== Prompt ==
Retype the material that follows exactly, limited to the lines from the one with "Oki Fusing C" through the one with "Buy B Complex", and keep out all pictures.

______________________________

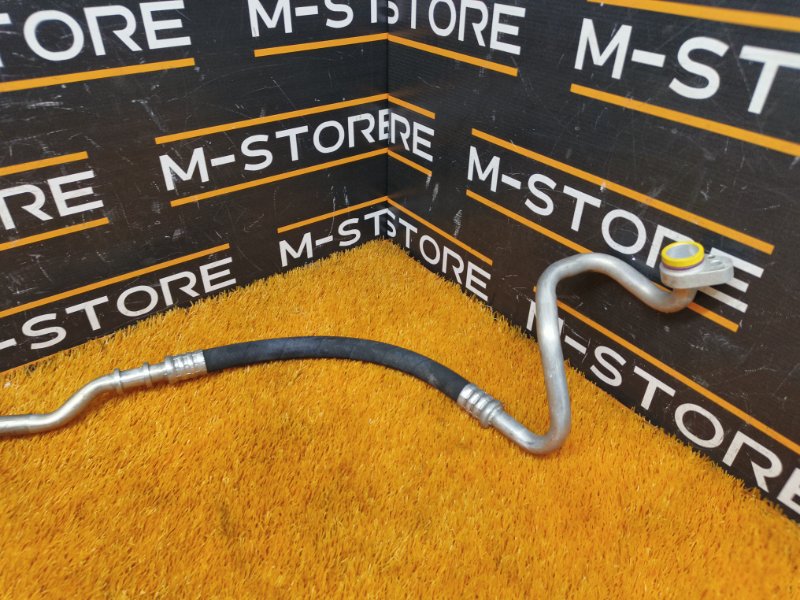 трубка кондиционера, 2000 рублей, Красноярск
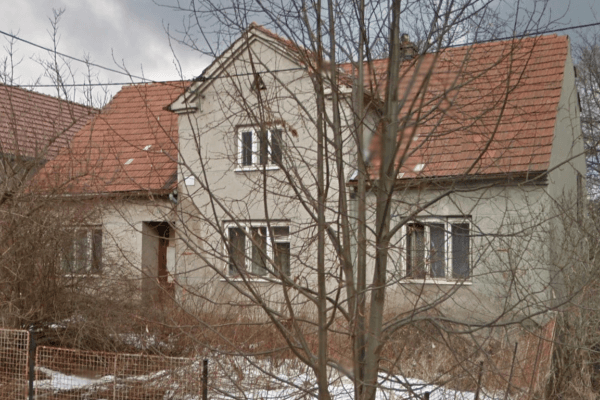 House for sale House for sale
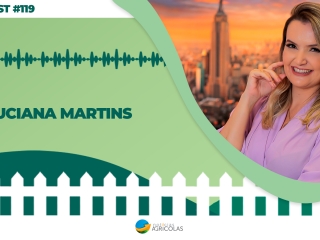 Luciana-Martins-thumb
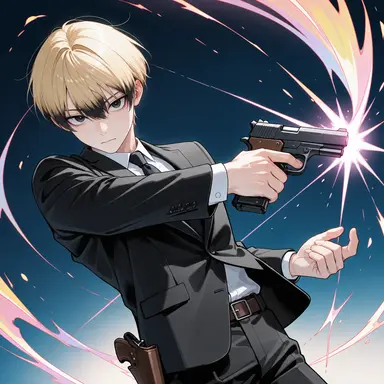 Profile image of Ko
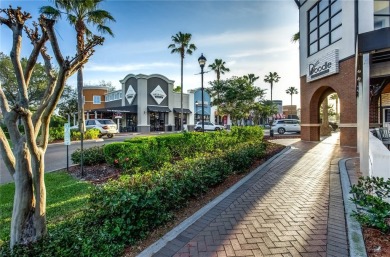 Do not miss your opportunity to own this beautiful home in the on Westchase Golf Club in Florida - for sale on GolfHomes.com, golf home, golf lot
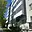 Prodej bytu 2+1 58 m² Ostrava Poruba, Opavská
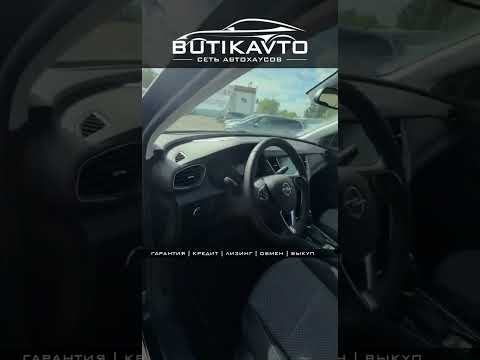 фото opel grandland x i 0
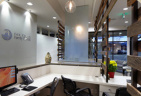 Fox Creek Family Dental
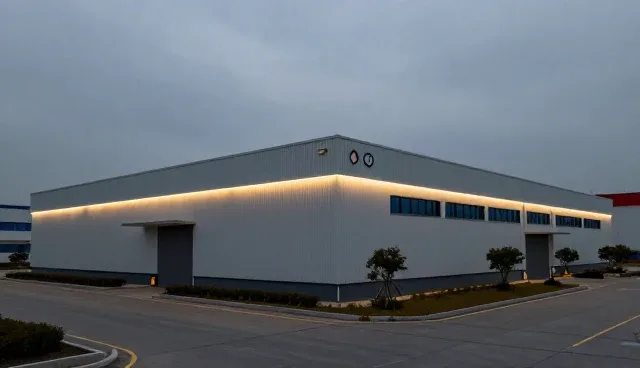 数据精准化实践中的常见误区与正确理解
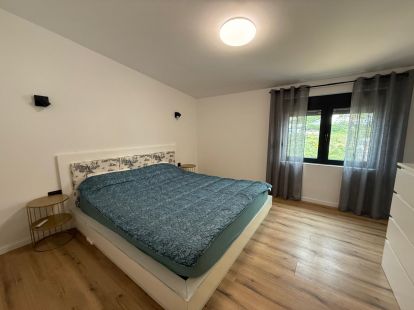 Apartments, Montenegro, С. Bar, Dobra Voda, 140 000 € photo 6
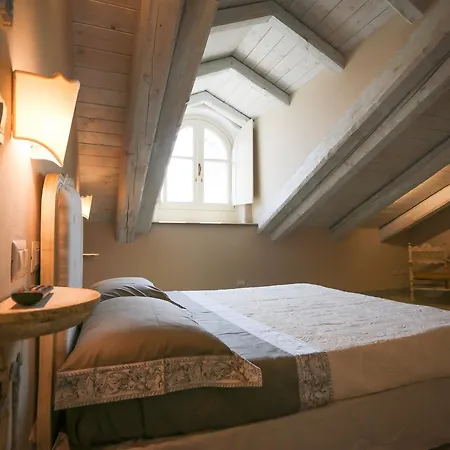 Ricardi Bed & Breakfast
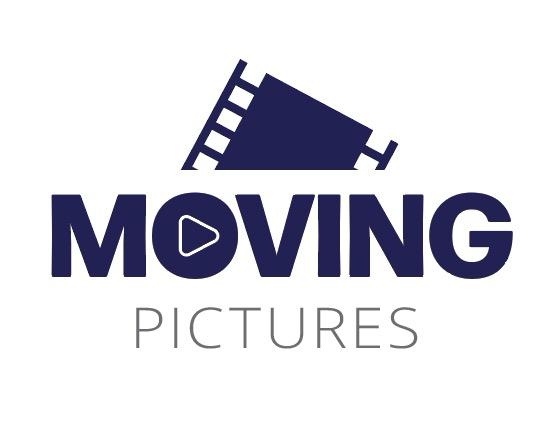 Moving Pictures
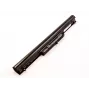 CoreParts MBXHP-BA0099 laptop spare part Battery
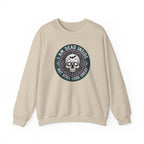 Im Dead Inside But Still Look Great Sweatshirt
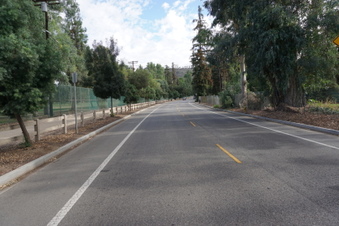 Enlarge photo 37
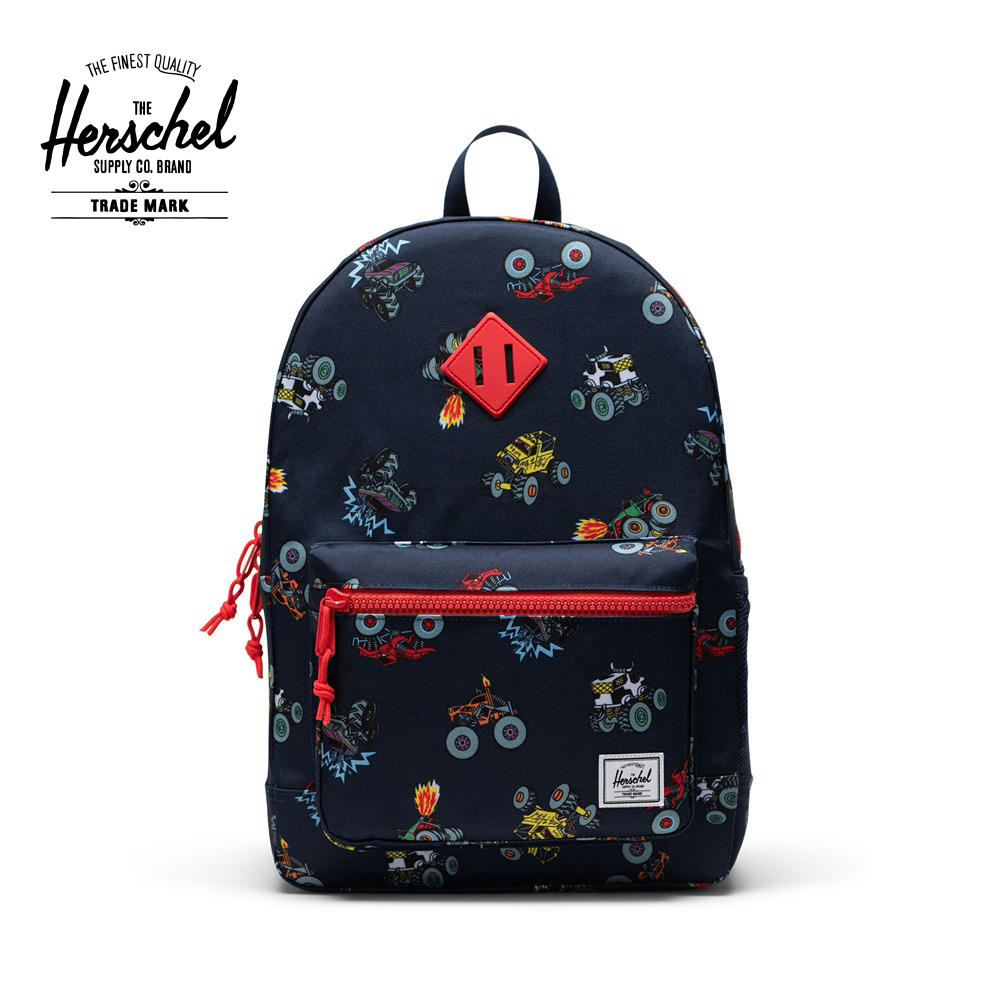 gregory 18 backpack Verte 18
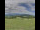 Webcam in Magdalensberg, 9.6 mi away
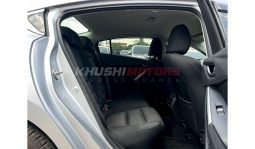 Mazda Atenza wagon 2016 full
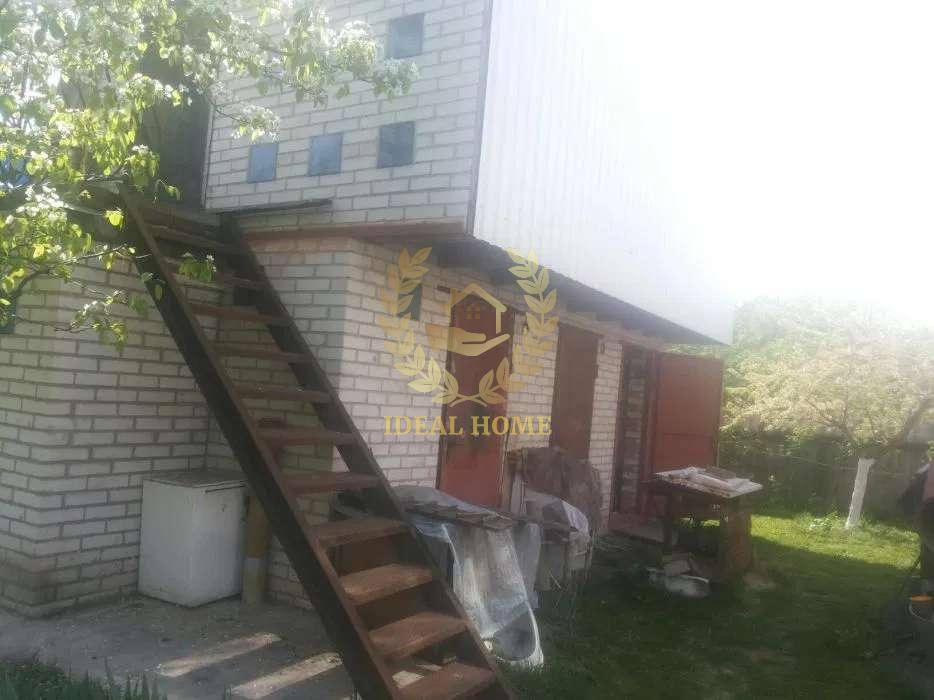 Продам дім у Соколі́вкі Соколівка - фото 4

______________________________

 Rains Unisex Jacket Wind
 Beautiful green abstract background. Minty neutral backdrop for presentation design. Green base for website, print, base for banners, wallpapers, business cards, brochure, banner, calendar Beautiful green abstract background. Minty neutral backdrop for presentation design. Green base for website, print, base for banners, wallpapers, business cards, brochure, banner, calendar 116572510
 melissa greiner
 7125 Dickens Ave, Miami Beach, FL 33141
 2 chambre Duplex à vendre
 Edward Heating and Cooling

______________________________

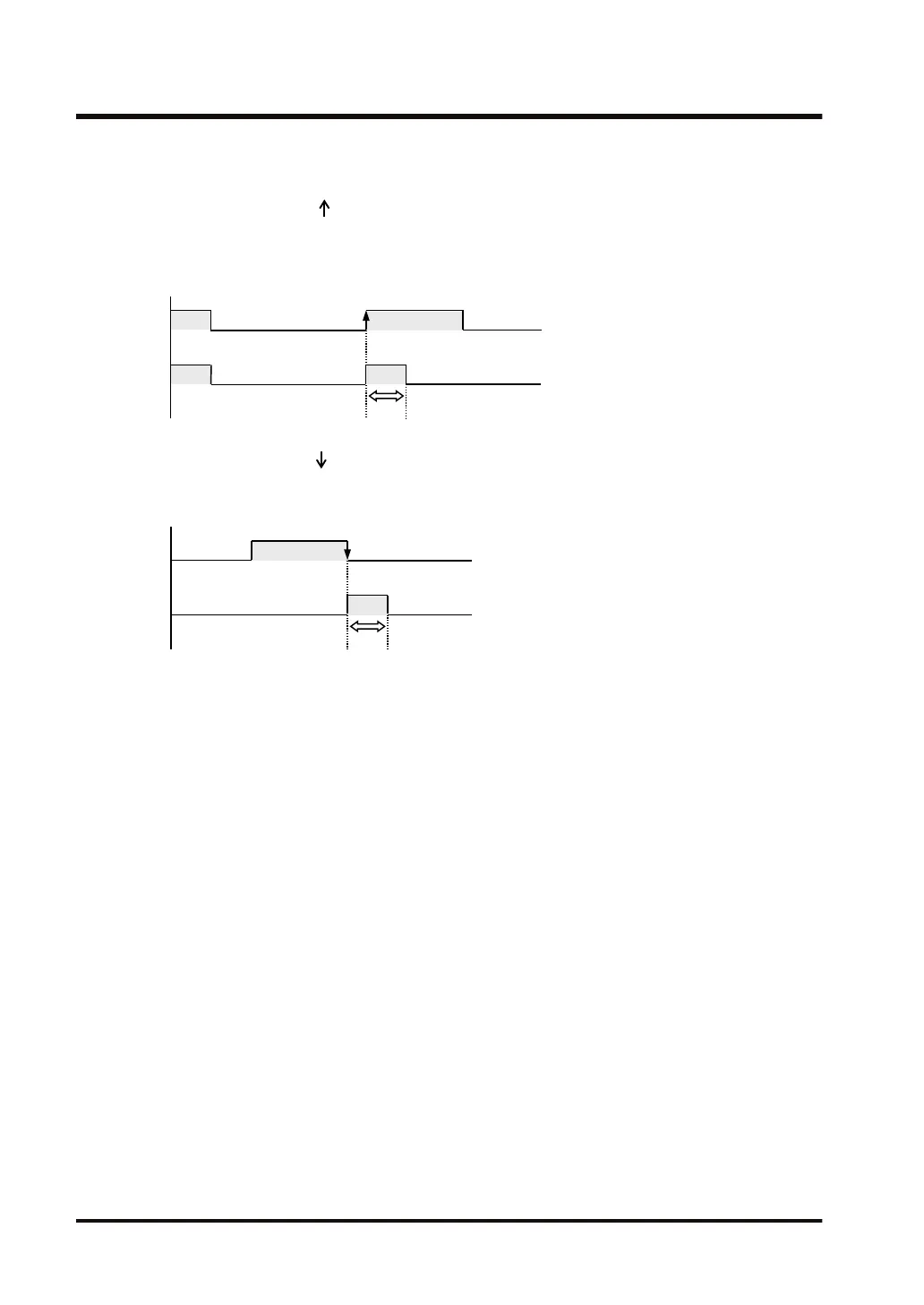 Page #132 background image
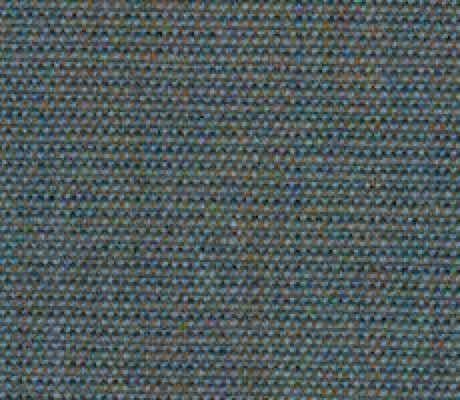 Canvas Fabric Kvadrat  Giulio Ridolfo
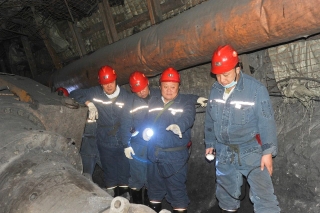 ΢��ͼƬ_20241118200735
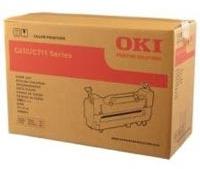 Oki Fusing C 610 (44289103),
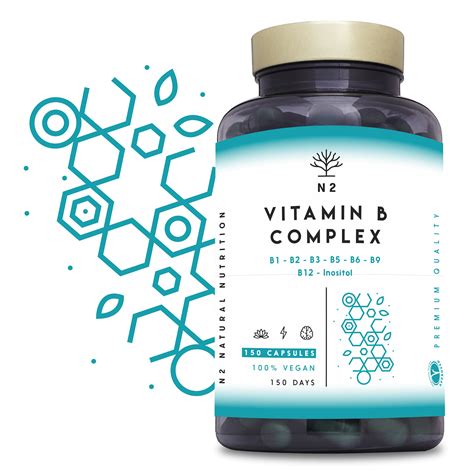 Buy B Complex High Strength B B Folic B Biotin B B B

______________________________

== Answer to this problem ==
 Oki Fusing C 610 (44289103),
 Buy B Complex High Strength B B Folic B Biotin B B B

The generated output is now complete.